Train Language Models with SuperMUC-NG

Training language models on a supercomputer? That’s possible on SuperMUC-NG Phase 2: A few recommendations for training language models.

Even though most of them now rely on graphics processing units (GPUs), training language models on supercomputers is not a given. “Developers of frontier large language models (LLMs) naturally train on high-performance computing systems that are specifically built and optimised for such workloads,” explains Ajay Navilarekal Rajgopal, a computer scientist in the Big Data & AI team of the Leibniz Supercomputing Centre (LRZ). “Supercomputers used for research and science, by contrast, cover a much broader range of applications.” SuperMUC-NG Phase 2 (SNG-2), LRZ’s current flagship system, runs simulations across a wide range of scientific disciplines, solves complex equations — and can also be used to train language models. “Most GPT models have been trained in NVIDIA’s CUDA environment,” Rajgopal notes. “To implement them on SNG-2, which uses Intel accelerators, only minor software adjustments are required.”

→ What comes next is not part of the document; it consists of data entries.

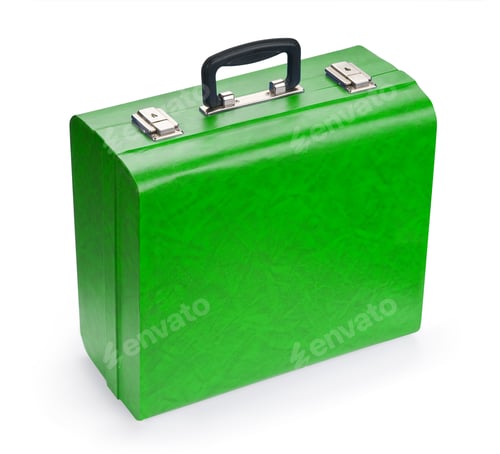 Preview: Green suitcase, isolated on white background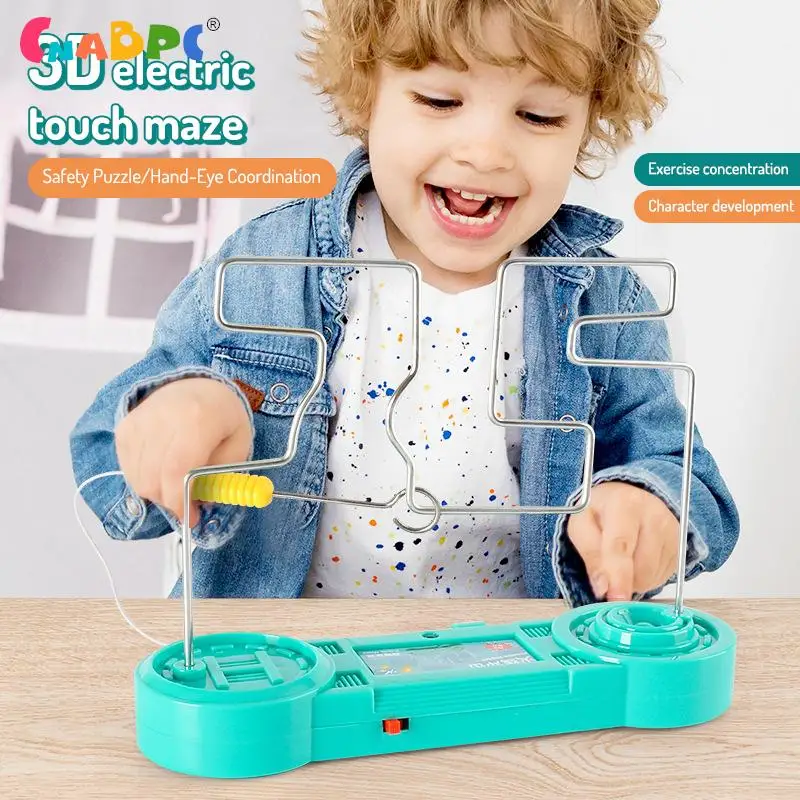 

1Pc Funny Electric Touch Maze Toys Buzz Wire Finger Shock Game Kid Science Education Intellectual Development Toy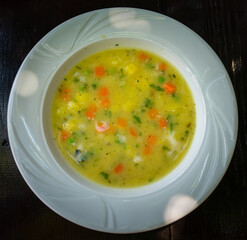 Traditional vegetable soup top view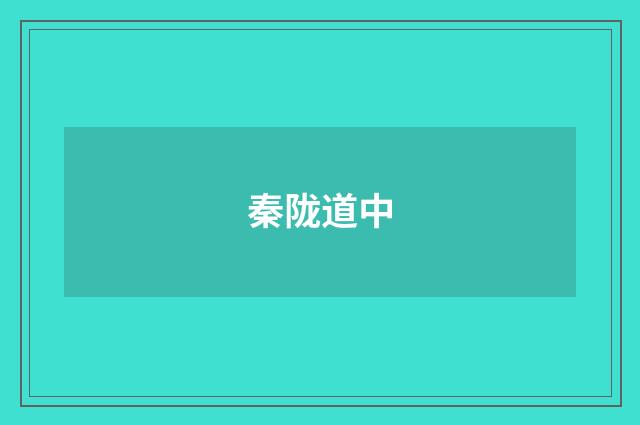 秦陇道中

Together with computational linguist Nikolai Solmsdorf, a software engineer at Intel, Rajgopal evaluated the training setup of GPT-style models focusing on GPU utilisation efficiency: “We are able to run the training of GPT-style models on nearly half of the system without significant performance losses. That is already a very good result.” The two researchers will present their findings at ISC.

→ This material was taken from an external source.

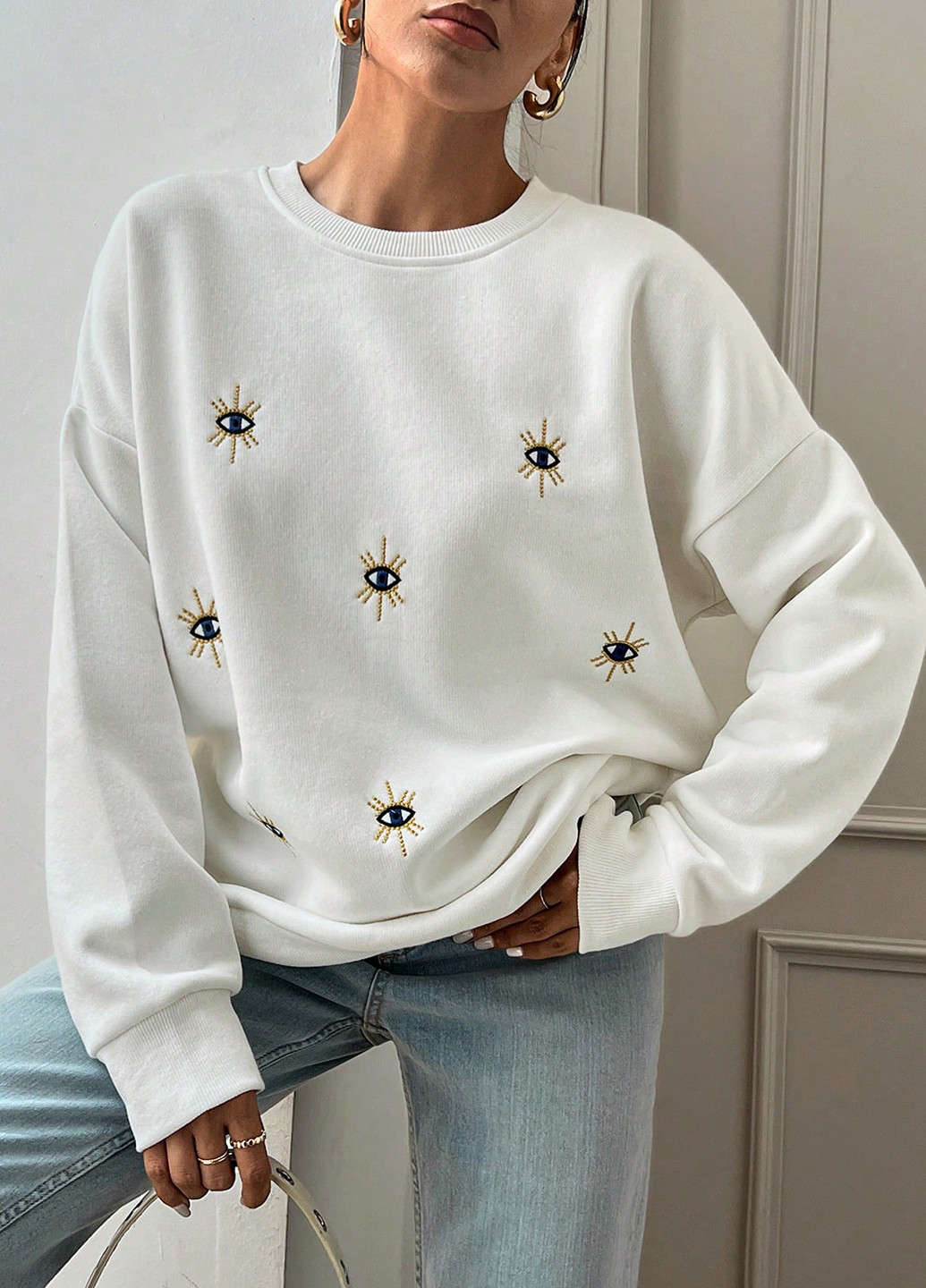 Белый свитшот SHEIN глаза вышивка (332520238)
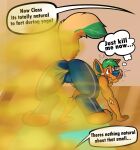 absurd_res all_fours anthro balls_outline bottomwear bulge butt canid canine canis casey_(dmb) clothing detailed_bulge dialogue embarrassed english_text fart fart_cloud fart_fetish gassy genital_outline hi_res hybrid male mammal mephitid pants raised_tail skunk skunkbutts smelly solo speech_bubble tail text thought_bubble wolf yoga yoga_accident yoga_pants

Distributing Models and Data across the System

Generative pre-trained transformers (GPT) form the foundation of today’s large language models (LLM). These are built in layers of individual neural networks that collectively account for hundreds of billions of parameters, supplemented by transformer mechanisms—mathematical attention processes that mimic aspects of how the human brain handles language. These systems analyse massive amounts of text and words in order to generate words, sentences, and texts based on statistical probabilities.

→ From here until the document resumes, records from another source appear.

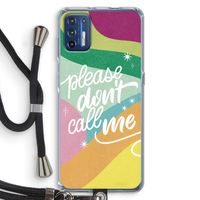 Don't call: Motorola Moto G9 Plus Transparant Hoesje met koord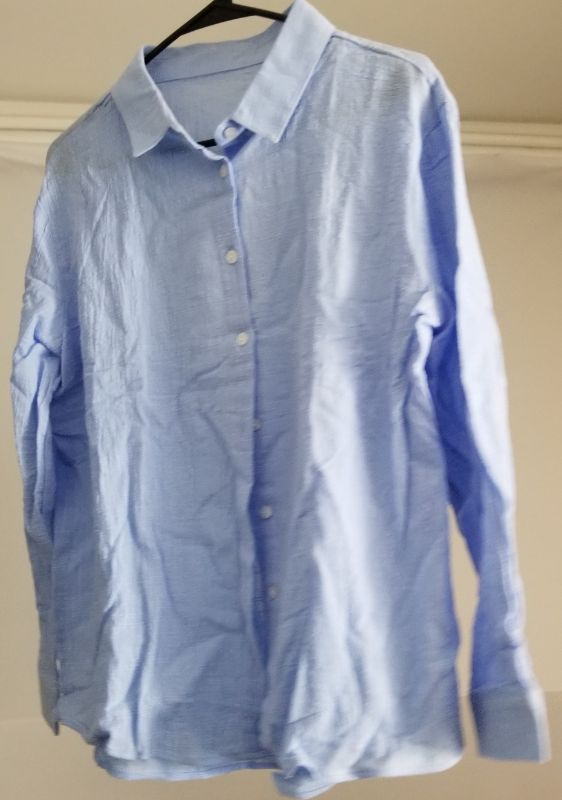 Photo 1 of POLYESTER SPANDEX BUTTON DOWN COLLARED SHIRT, LIGHT BLUE, LG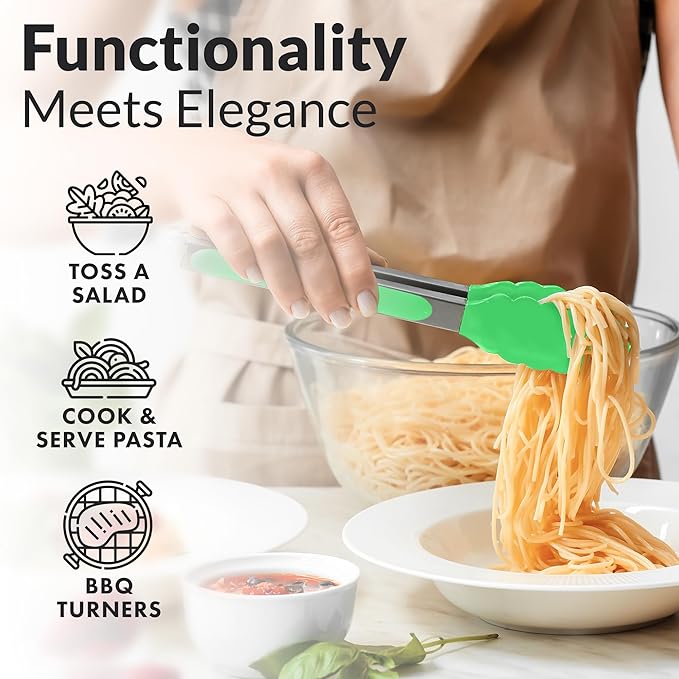 Zulay Stainless Steel Kitchen Tongs with Silicone Tips - Set of 2 (9” & 12”) Locking Cooking Tongs with Non-Slip Grip - Heat Resistant, BBQ Food Tongs for Non-Stick Cooking Pans (Silver/Light Green)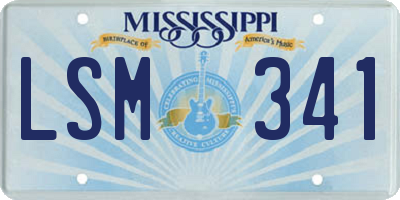 MS license plate LSM341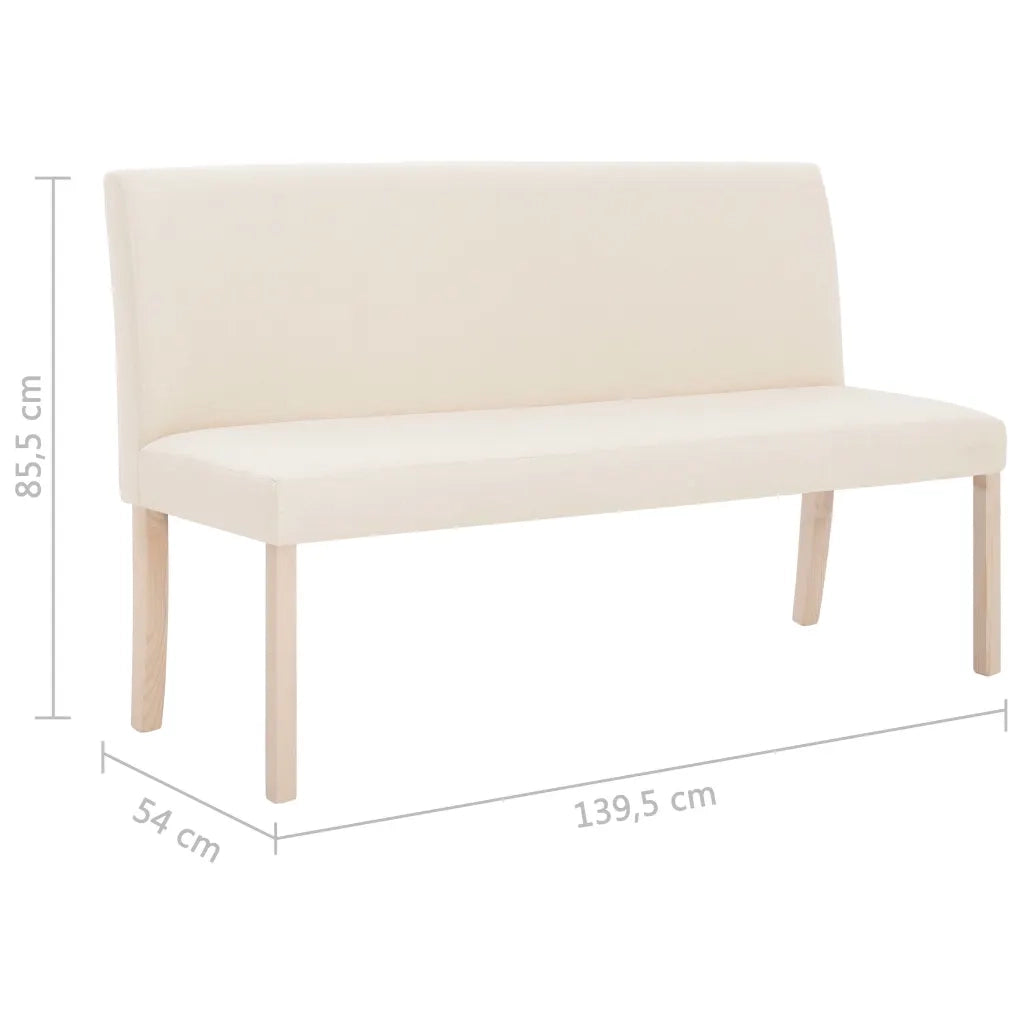 Panca 139,5 cm Crema in Poliestere cod mxl 65108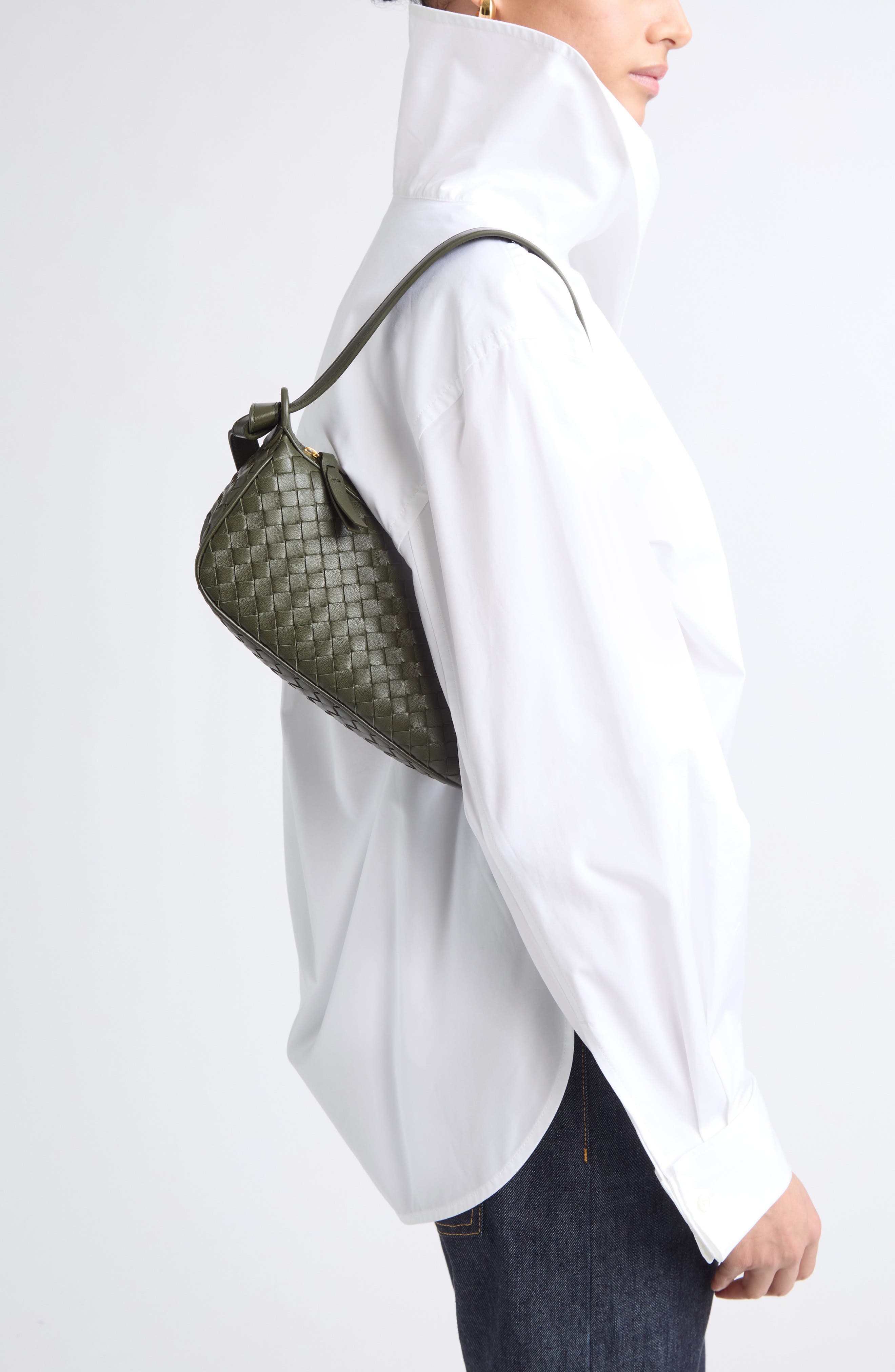 Nodo Leather Shoulder Bag, Alternate, color, 3740 BARK GREEN-GOLD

Rajgopal and Solmsdorf tested the LLM training setup on SNG-2 with GPT-style models of varying sizes with 3.6 billion, 20 billion, or 175 billion parameters. For comparison, ChatGPT (version 5) is estimated to have between two and five trillion parameters. These scales illustrate that LLMs and their training data must be distributed and scaled across multiple GPUs and compute nodes.
Several strategies exist for doing so, each with different impacts on memory and network resources:

Tensor parallelism: Split individual weight matrices across GPUs; great for huge layers, low memory per device but very high communication overhead.
Pipeline parallelism: Split layers sequentially across the accelerators; moderate memory per device and low communication, but pipeline bubbles waste compute and latency spikes with more stages.
Data parallelism: Replicate the full model on more GPUs; highest memory per device but least communication overhead.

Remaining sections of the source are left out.